The current approach assumes the player is a single point. If we want, we can create a second collision mesh that uses inflated solid geometry to compensate for the player’s collision volume. We would have to keep that second mesh synchronized with any changes to the geometry mesh.

DCELs make pathing and shooting computations easy too. DCELs are primarily used in games for pathing (via Nav Meshes) and collision checking for a gunshot is just a raycast where we also care about intersections with enemies.

Game Map Representation

The biggest difference here was not so much the rendering code, but more the integration of the mesh data structure and how we represent the game map. With the Wolfenstein-style renderer we were able to represent the map using 2D arrays:

tiles = UInt8[
    1 1 1 1 1 1 1 1 2 1 1 1 2;
    1 0 0 0 0 0 0 1 2 0 0 0 2;
    1 0 0 3 0 0 2 2 2 0 0 0 2;
    1 0 0 0 0 0 0 0 0 0 0 0 2;
    1 0 0 0 0 0 2 2 2 0 0 0 2;
    1 0 2 0 0 0 0 1 2 0 0 0 2;
    1 0 0 0 0 0 0 1 2 0 0 0 2;
    1 1 1 1 1 1 1 1 2 3 3 3 2]

floor = UInt8[
    1 1 1 1 1 1 1 1 2 1 1 1 2;
    1 4 4 4 4 4 4 1 2 5 5 5 2;
    1 4 4 3 4 4 2 2 2 5 5 5 2;
    1 4 4 4 4 4 2 2 2 5 5 5 2;
    1 4 4 4 4 4 2 2 2 5 5 5 2;
    1 4 2 4 4 4 4 1 2 5 5 5 2;
    1 4 4 4 4 4 4 1 2 5 5 5 2;
    1 1 1 1 1 1 1 1 2 3 3 3 2]

ceiling = UInt8[
    1 1 1 1 1 1 1 1 2 1 1 1 2;
    1 4 4 4 4 4 4 1 2 4 4 4 2;
    1 4 4 3 4 4 2 2 2 4 4 4 2;
    1 4 4 4 4 4 2 2 2 4 4 4 2;
    1 4 4 4 4 4 2 2 2 4 4 4 2;
    1 4 2 4 4 4 4 1 2 4 4 4 2;
    1 4 4 4 4 4 4 1 2 4 4 4 2;
    1 1 1 1 1 1 1 1 2 3 3 3 2]

Each cell could thus be marked as solid or not depending on whether the cell’s entry in tiles is 0. Nonzero values corresponded to texture indices. Similar arrays were used for the floor and ceiling textures.

With the general 2D geometry, we no longer have a convenient text short-hand.

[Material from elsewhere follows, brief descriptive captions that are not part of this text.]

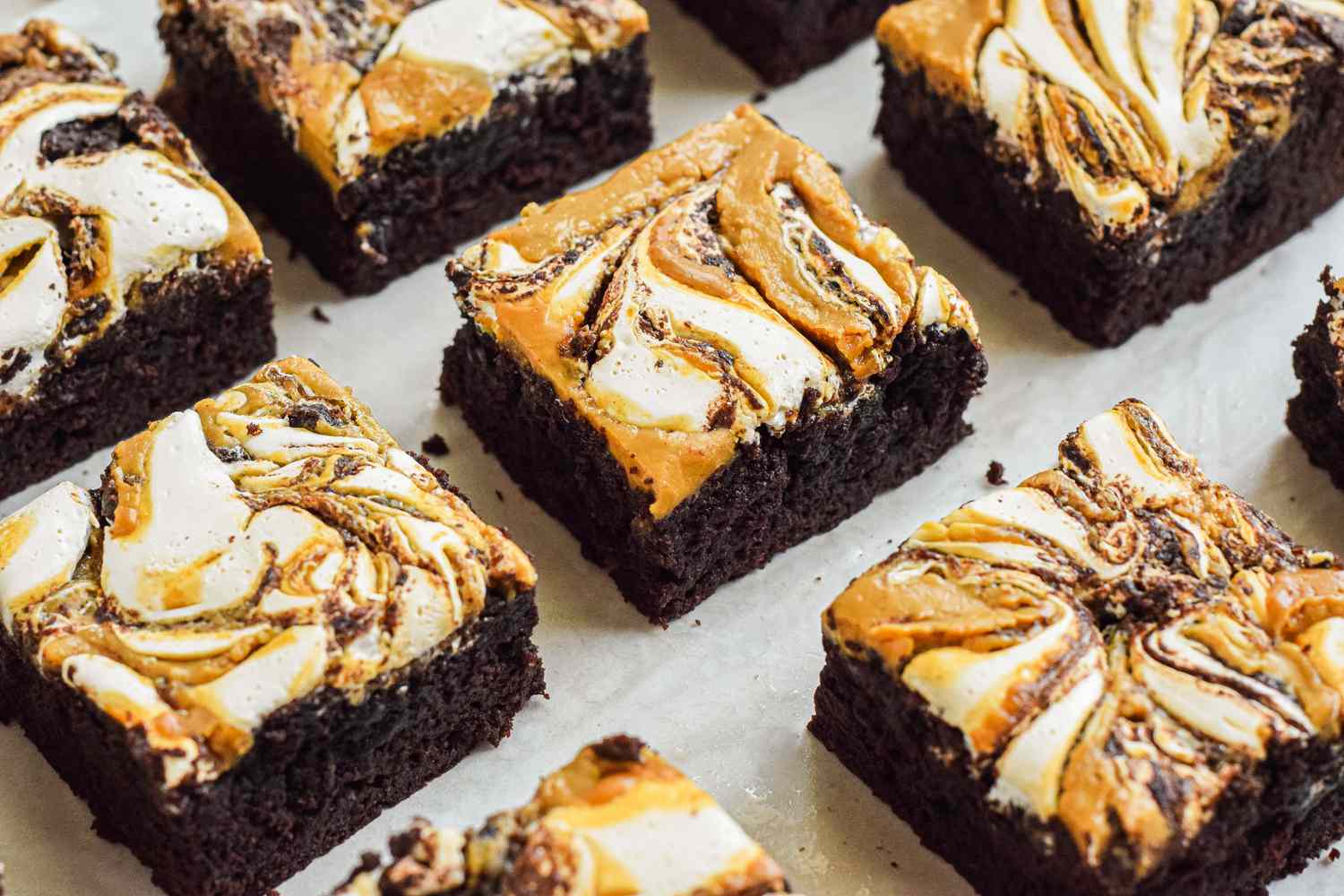 Fluffernutter brownie cut into squares on a piece of parchment paper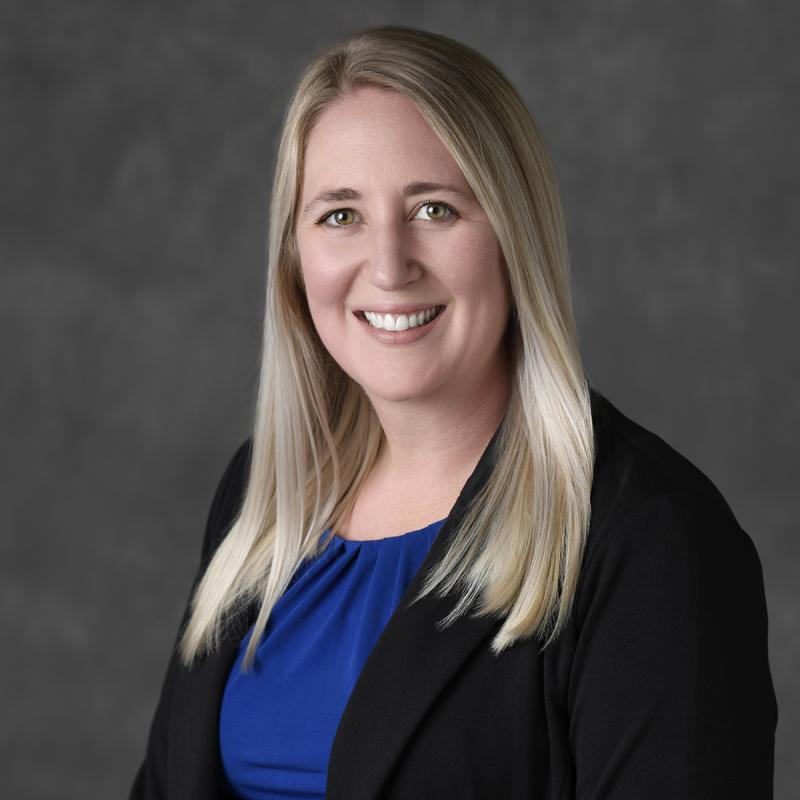 Headshot of faculty member Jozie Gold smiling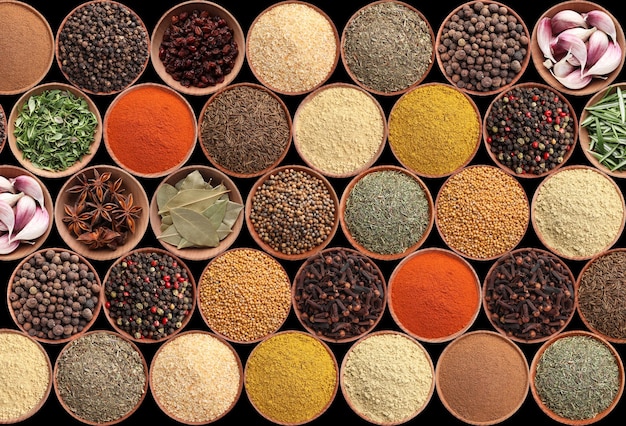 Collection of different aromatic spices and herbs on black background flat lay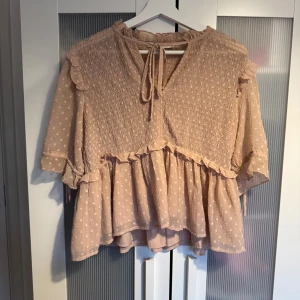 Beige blus med volang och knyt - Söt beige/rosa blus med små prickar, volangdetaljer och knyt framtill i halsen. Blusen har trekvartsärm med knytband och en luftig, lös passform. Skriv privat för fler bilder 🩷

The DCEL has a lot of pointers and is no fun to edit manually. We have to store all vertices, quarter edges, and the associations between them. We then optionally mark edges as being solid, and when we do, set edge texture information.

At this point the game map consists of two things:

a triangle mesh
optional side information

My representation for side information is pretty simple. It is just a structure with some flags, a texture id, texture x and y offsets, and the associated quarter edge:

// The information associated with one side of an edge between vertices in 
// the map. If this represents the directed edge A->B, then it describes the
// edge viewed on the right side of A->B.
struct SideInfo {
    u16 flags;
    u16 texture_id;
    i16 x_offset;
    i16 y_offset;
    QuarterEdgeIndex qe;
};

The map data is packed into the binary assets blob (similar to a DOOM WAD file) and loaded by the game at start.

Editing this game data is rather hard to do by hand, so I started working on an editor on the side. The editor is written in C++, and I allow myself the use of whatever libraries I want. I might go over that in more detail in a future post, but for now I just want to show how it can be used to adjust the map:

The gif here is fairly large. It may have to be viewed separately.

Having an editors gives us a place to put supporting code and lets us use more convenient data structures that aren’t streamlined for the C software renderer. The editor can then do the lifting required to export our game data into the form expected by the game.

Conclusion

The TOOM source code for this post is available here. I have been overwriting my assets file, and the new ones are no longer compatible, so unfortunately do not have a good assets file to share.

In this post we took our blocky Wolfenstein-style environment and moved to general 2D geometry. We didn’t follow DOOM and use a BSP, but instead stuck with raycasting and used a DCEL.

What we have now is much closer to DOOM, but still lacks a few things. Geometrically, we don’t have variable floor heights, which means we also don’t yet worry about wall surfaces between variable floor heights. We also aren’t animating doors or elevators, and we don’t have textures with transparency. We aren’t doing any lighting, other than manually setting some faces to be darker. DOOM really was groundbreaking.